Get and set thread-local store for the calling thread. The store is a tagged associative memory which is initially empty for a new thread. A thread can call setLocal to add or replace items in its store and call getLocal to return values if they exist. The Universal structure contains functions to make new tags as well as injection, projection and test functions.

Change the specified attribute(s) for the calling thread. Unspecified attributes remain unchanged.

Get the values of attributes.

Return the number of processors that will be used to run threads and the number of physical processors if that is available.

A mutex provides simple mutual exclusion. A thread can lock a mutex and until it unlocks it no other thread will be able to lock it. Locking and unlocking are intended to be fast in the situation when there is no other process attempting to lock the mutex. These functions may not work correctly if an asynchronous interrupt is delivered during the calls. A thread should use synchronous interrupt when using these calls.

Make a new mutex

Lock a mutex. If the mutex is currently locked the thread is blocked until it is unlocked.
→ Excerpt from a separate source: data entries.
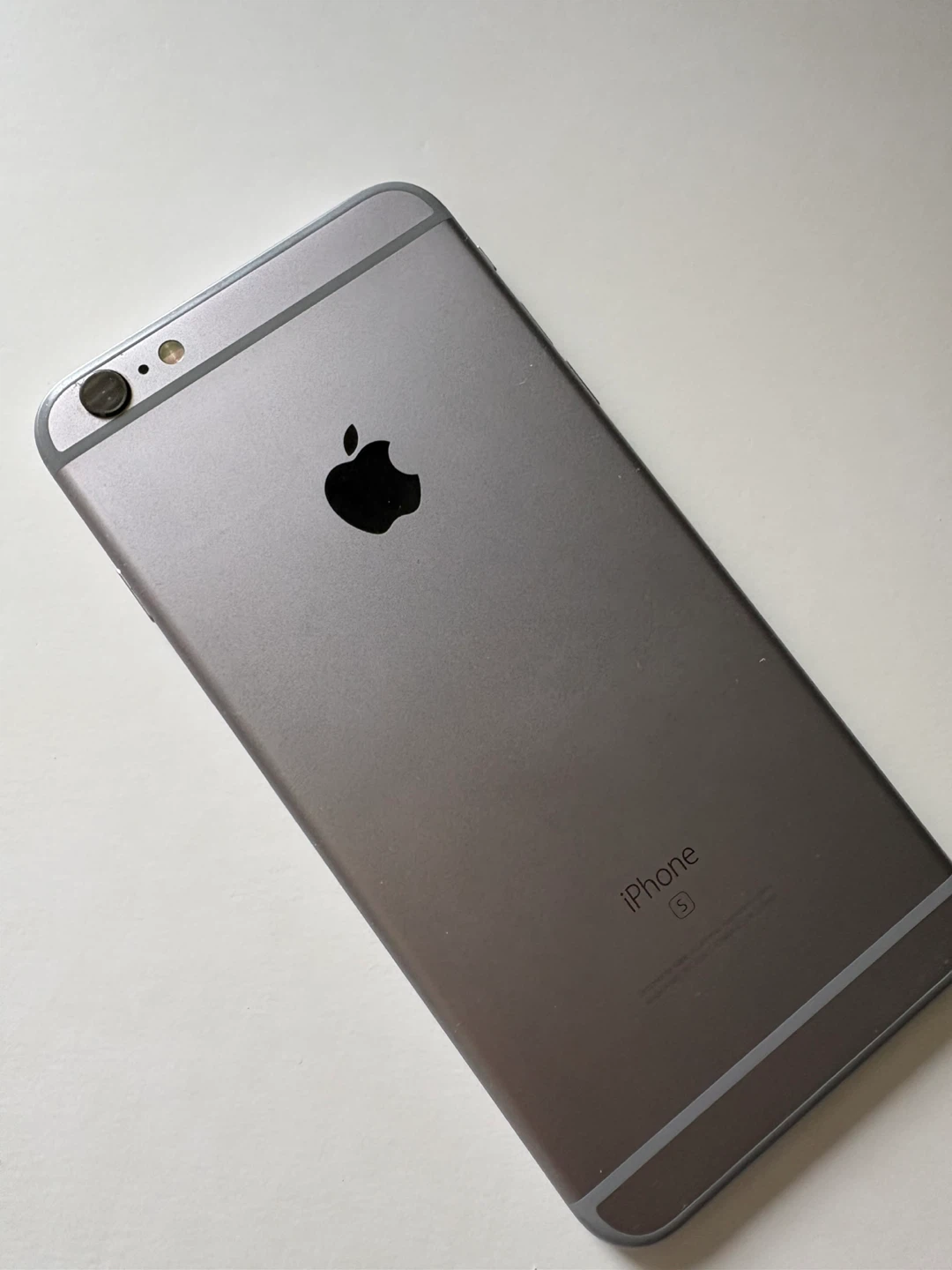 Iphone 6s Plus 64 GB Unlocked Functional/  Cracks  On Screen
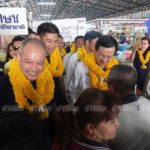 กปปส.กลับใจ โผล่เชียร์ ไทยรักษาชาติ บ่นเศรษฐกิจแย่ ชาวนาวอนฟื้นจำนำข้าว!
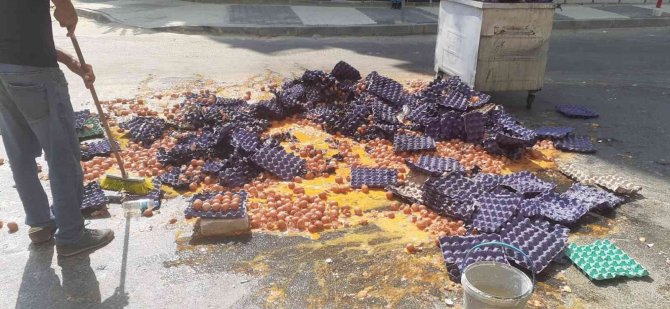 Maltepe’de Palet Devrildi, Binlerce Yumurta Yola Düşüp Kırıldı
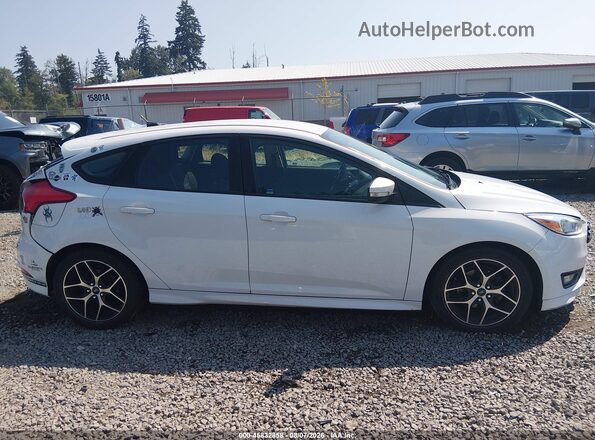 1FADP3K28GL247259 2016 FORD FOCUS White Вид задньої частини салону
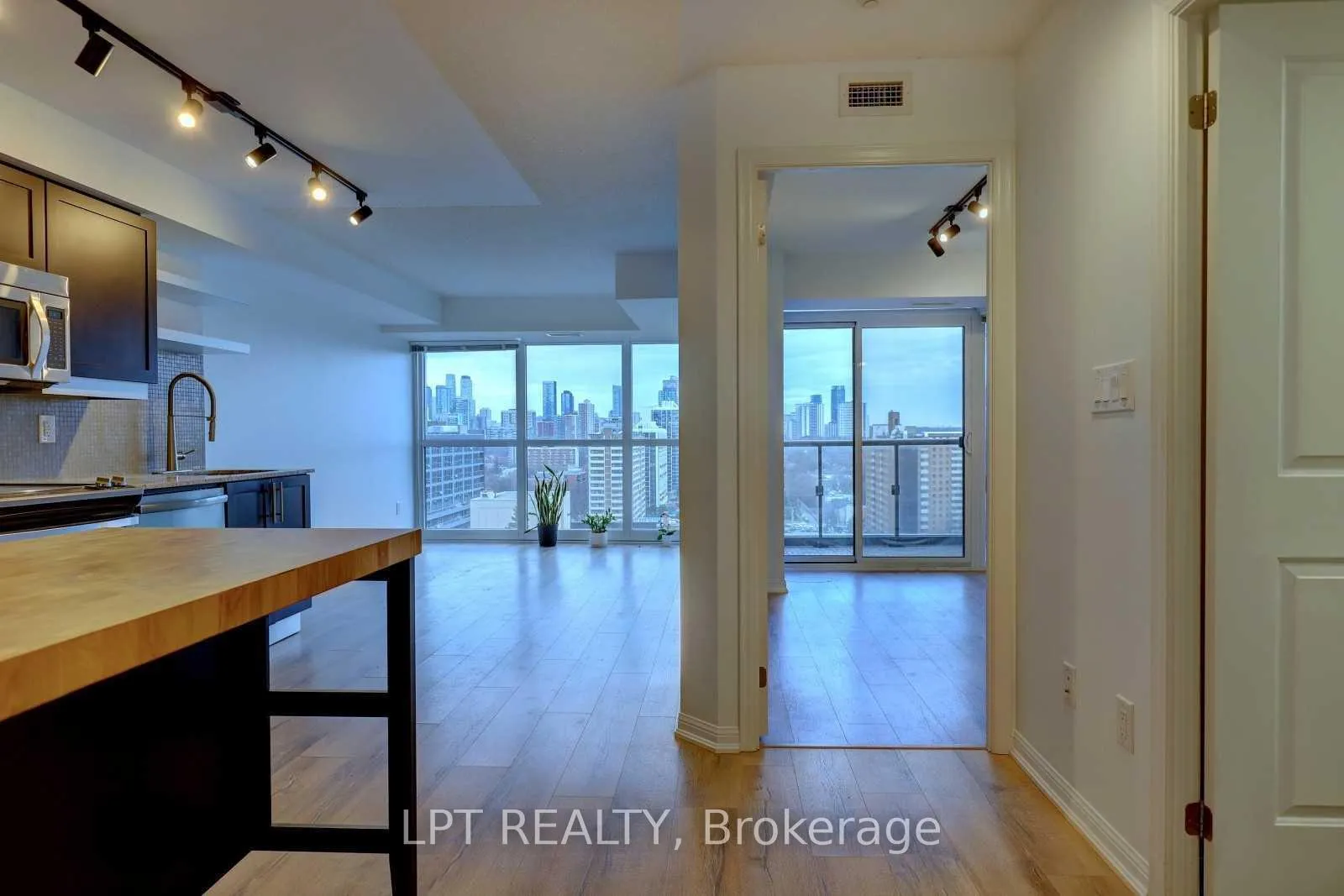 Photo 14 of Unit 2214, 400 Adelaide Street E, Toronto, Moss Park — HOMEH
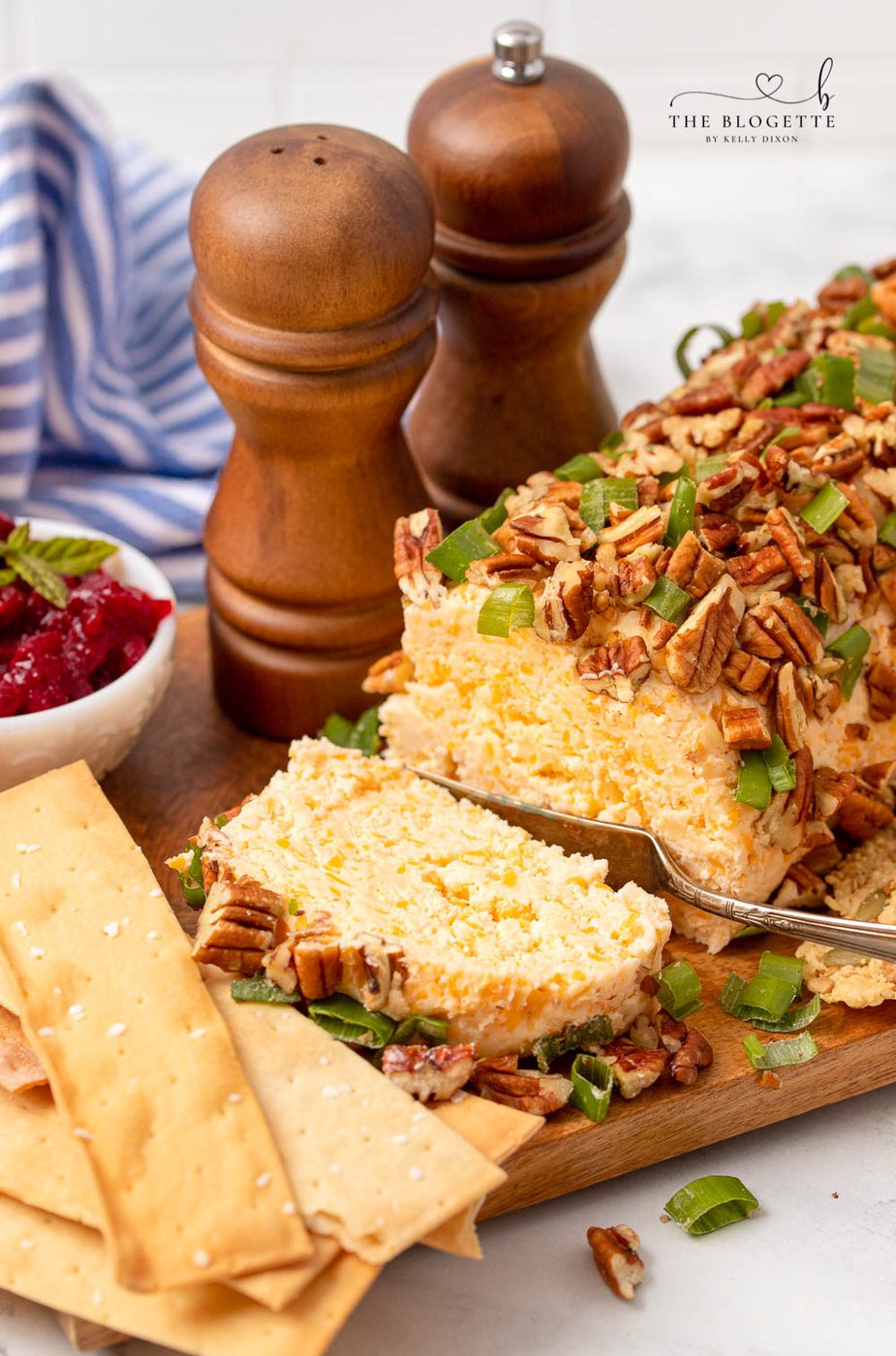 15 Minute prep creamy Cheese Log is the EASIEST and most impressive appetizer! Well-balanced appetizer for all your special occasions and parties!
If a thread tries to lock a mutex that it has previously locked the thread will deadlock. N.B. thread is not an interruption point (a point where synchronous interrupts are delivered) even though a thread can be blocked indefinitely.

Unlock a mutex and allow any waiting threads to run. The behaviour if the mutex was not previously locked by the calling thread is undefined.
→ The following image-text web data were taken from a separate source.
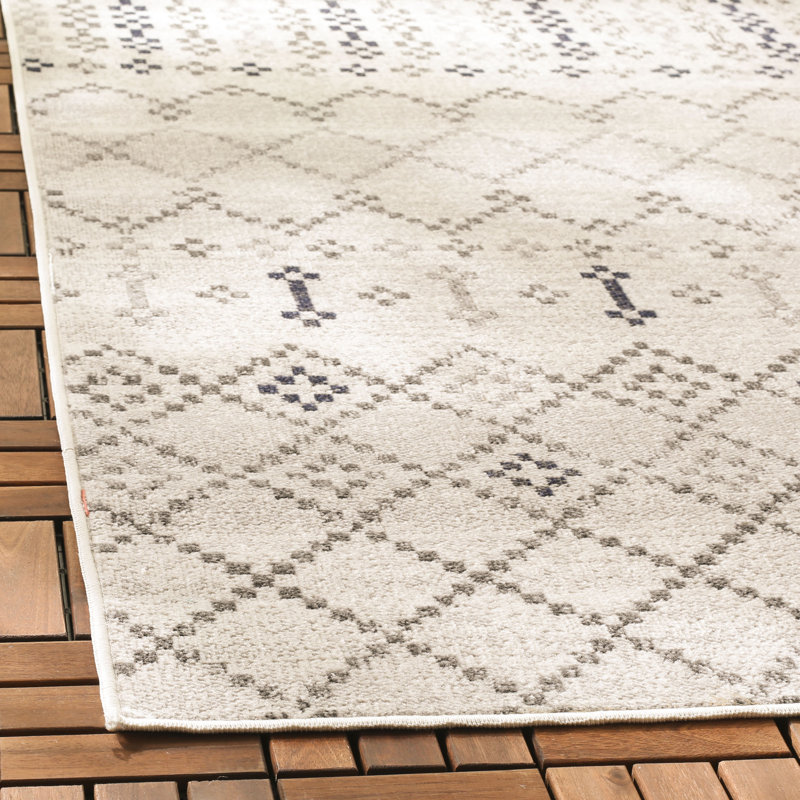 Holbrook Geometric Area Rug, Rectangle 155 x 229 cm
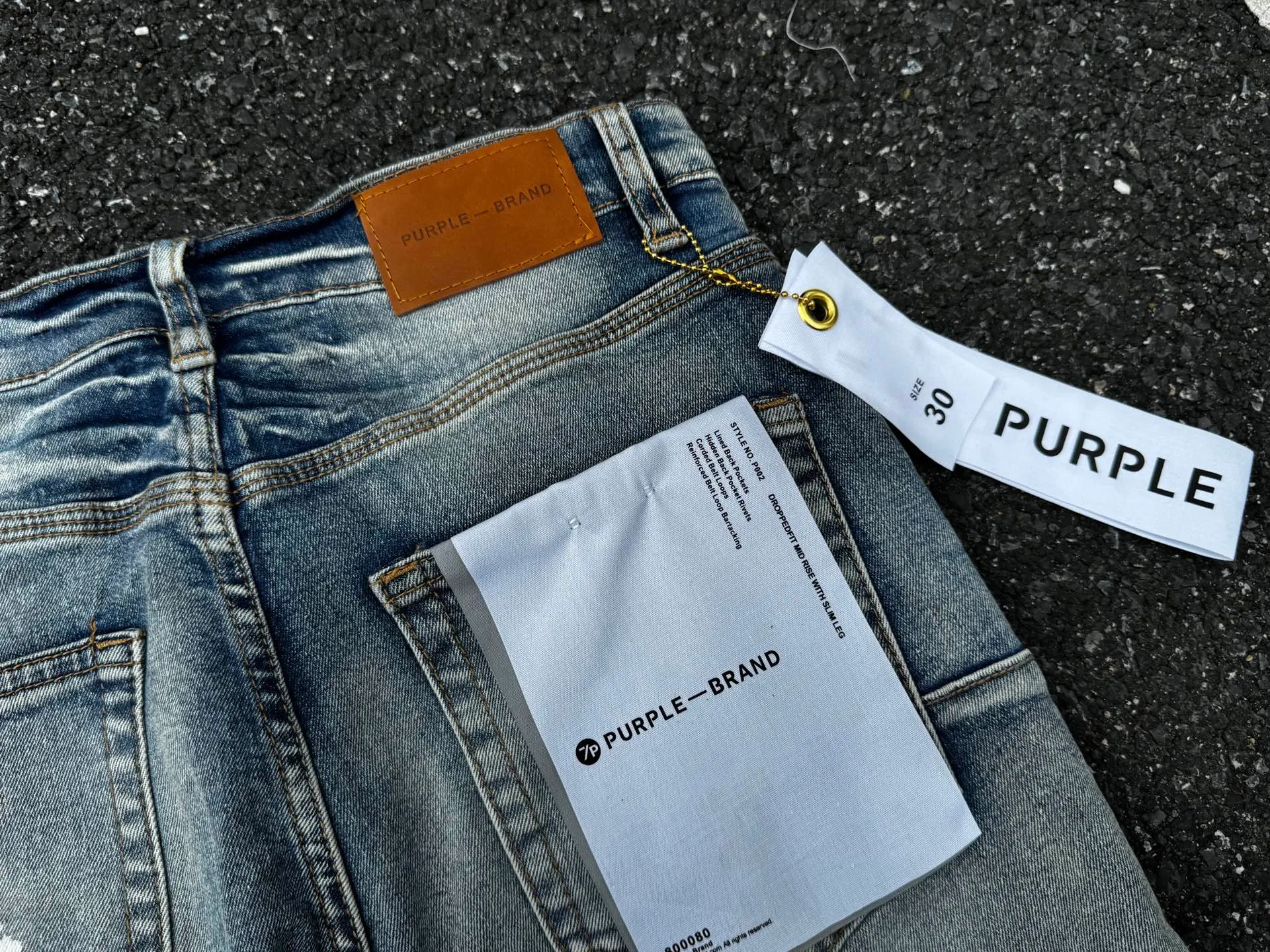 🅿️260 PU2 (the back pocket label will not be returned or exchanged once it is removed) Top foreign trade order Purple Brand ripped ink paint stretch skinny jeans, same style for men and women. Accessories: complete accessories, all in original packaging, two tags and two labels on the back pocket, distinguishing the low-end version on the outside, hardware and buckles are aligned, authentic original version with logo, aluminum alloy buckle, authentic printing inside the jeans pocket, every detail beats any version on the market Fabric: Genuine pattern-making and authentic custom-made imported fabrics using unique washing and dyeing methods, and individually hand-painted - hand-painted ripped micro-elastic jeans Size: 28 30 32 34 36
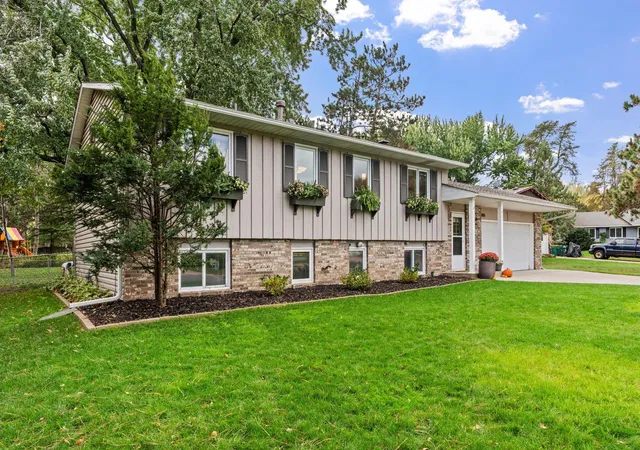 Photo 2 of Single family home for sale at 896 Sunrise Ct, Stillwater, MN 55082 | MLS# 7161750 | Listing updated on 2026-10-22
Attempt to lock the mutex. Returns true if the mutex was not previously locked and has now been locked by the calling thread. Returns false if the mutex was previously locked, including by the calling thread.

Condition variables are used to provide communication between threads. A condition variable is used in conjunction with a mutex and usually a reference to establish and test changes in state. The normal use is for one thread to lock a mutex, test the reference and then wait on the condition variable, releasing the lock on the mutex while it does so. Another thread may then lock the mutex, update the reference, unlock the mutex, and signal the condition variable. This wakes up the first thread and reacquires the lock allowing the thread to test the updated reference with the lock held. More complex communication mechanisms, such as blocking channels, can be written in terms of condition variables.

Make a new condition variable.

Release the mutex and block until the condition variable is signalled. When wait returns the mutex will have been re-acquired.

If the thread is handling interrupts synchronously this function can be interrupted using the Thread.interrupt function or, if the thread is set to accept broadcast interrupts, Thread.broadcastInterrupt. The thread will re-acquire the mutex before the exception is delivered. An exception will only be delivered in this case if the interrupt is sent before the condition variable is signalled. If the interrupt is sent after the condition variable is signalled the function will return normally even if it has not yet re-acquired the mutex. The interrupt state will be delivered on the next call to "wait", Thread.testInterrupt or other blocking call.

A thread should never call this function if it may receive an asynchronous interrupt. It should always set its interrupt state to either InterruptSynch or InterruptDefer beforehand. An asynchronous interrupt may leave the condition variable and the mutex in an indeterminate state and could lead to deadlock.

A condition variable should only be associated with one mutex at a time. All the threads waiting on a condition variable should pass the same mutex as argument.

As wait except that it blocks until either the condition variable is signalled or the time (absolute) is reached. Returns true if condition variable was signalled and false if the time-out was reached. Either way the mutex is reacquired so there may be a further delay if it is held by another thread.

Wake up one thread if any are waiting on the condition variable. If there are several threads waiting for the condition variable one will be selected to run and will run as soon as it has re-acquired the lock.

Wake up all threads waiting on the condition variable.